Colts Offense Facing Challenging Questions

ColtPower's Todd Taylor tells why the Colts last two playoff losses could result in some changes to the Colts' offensive approach in 2006.

A different setting and opponent produced similar results for the Indianapolis Colts in the playoffs this season.  For the sixth time during the Peyton Manning era, the Colts' playoff run ended with a game in which the offense failed to produce 20 points. 

The recent trend for the Colts in these playoff blunders had been falling behind then abandoning the run.  Last Sunday's loss to the Steelers was no exception.  During the 2005 regular season the Colts shifted their strategy to a more run-based offense passing only 52% of the time.  In turn, Edgerrin James had one of the best seasons of his career as the Colts accumulated 14 wins.  

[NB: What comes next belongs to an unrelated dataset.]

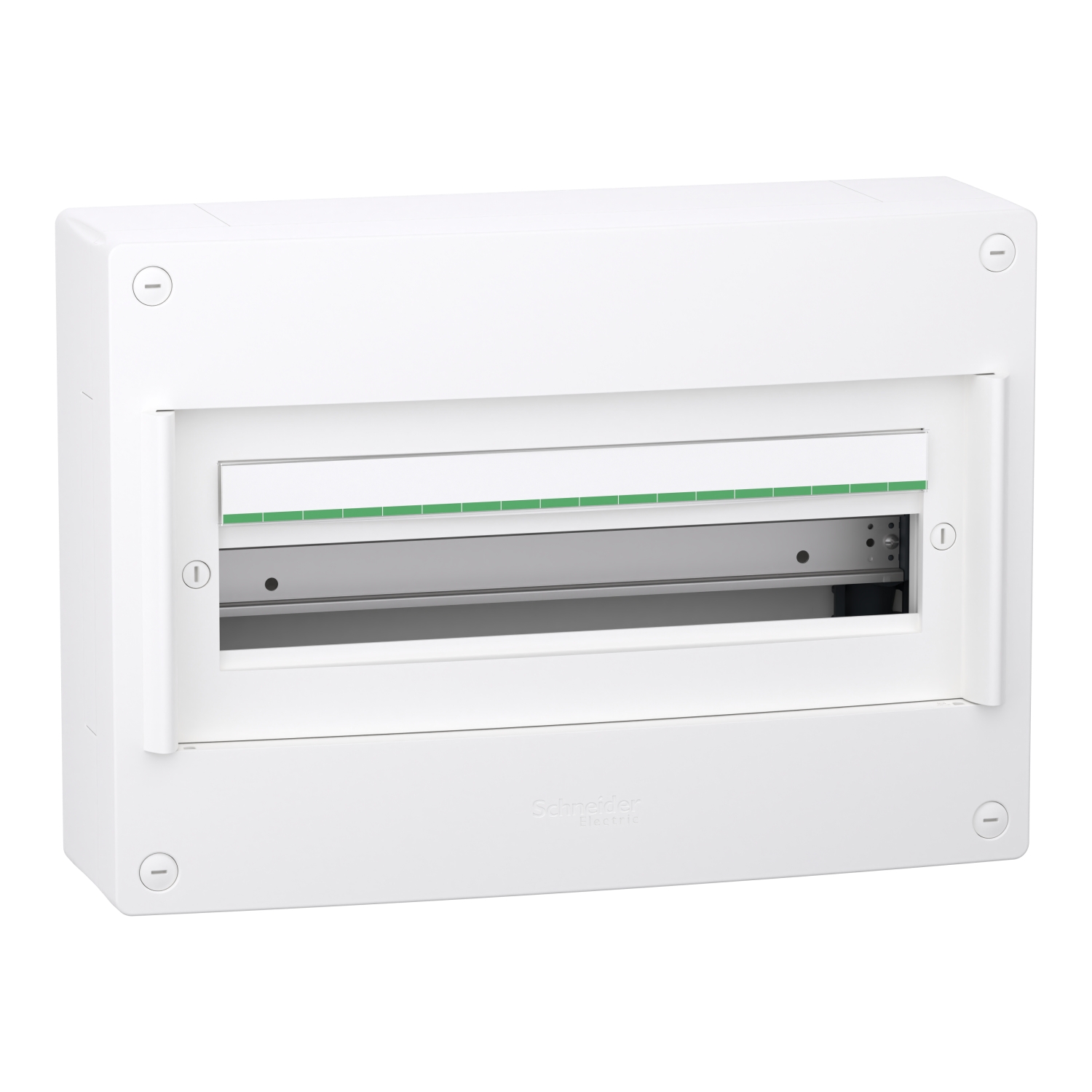 LVSXT118, Schneider Electric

Running the football is a philosophy seemingly abandoned by the Colts in recent playoff losses, particularly in the second half.  Last season in their playoff loss to the Patriots, the Colts entered halftime with only a 3-point deficit.  On Sunday, they trailed by a manageable 11 points, receiving the ball to begin the second half.  However, in both contests the Colts virtually forgot about their run game, leading to their demise.  Below are the Colts' combined rushing trends and play selection during their last two playoff losses. Remember, their play selection mix during their 14-2 season was 52% pass / 48% run: 

1st Half – 21 rushes - 86 yards - 4.1 yards per carry
Play Selection:  64% Pass / 36% Run

2nd Half – 8 rushes – 18 yards – 2.25 yards per carry
Play Selection:  84% Pass / 16% Run

By building modest first half leads, this year's Steelers and last year's Patriots were able to take the Colts out of the offensive strategy that earned them 26 wins over the last two seasons.  By making the Colts one-dimensional, opposing defenses had won their biggest battle by no longer having to honor the play-action fake.  Scouts, Inc. identified this as a way to beat Indianapolis in an article in the January 2006 issue of ESPN the Magazine, printed before the loss:  "Manning's problem is a tendency to call pass plays when the offense sputters or the Colts fall behind.  With the D playing better this year, he can be patient and commit more to the run than he did in the Chargers game."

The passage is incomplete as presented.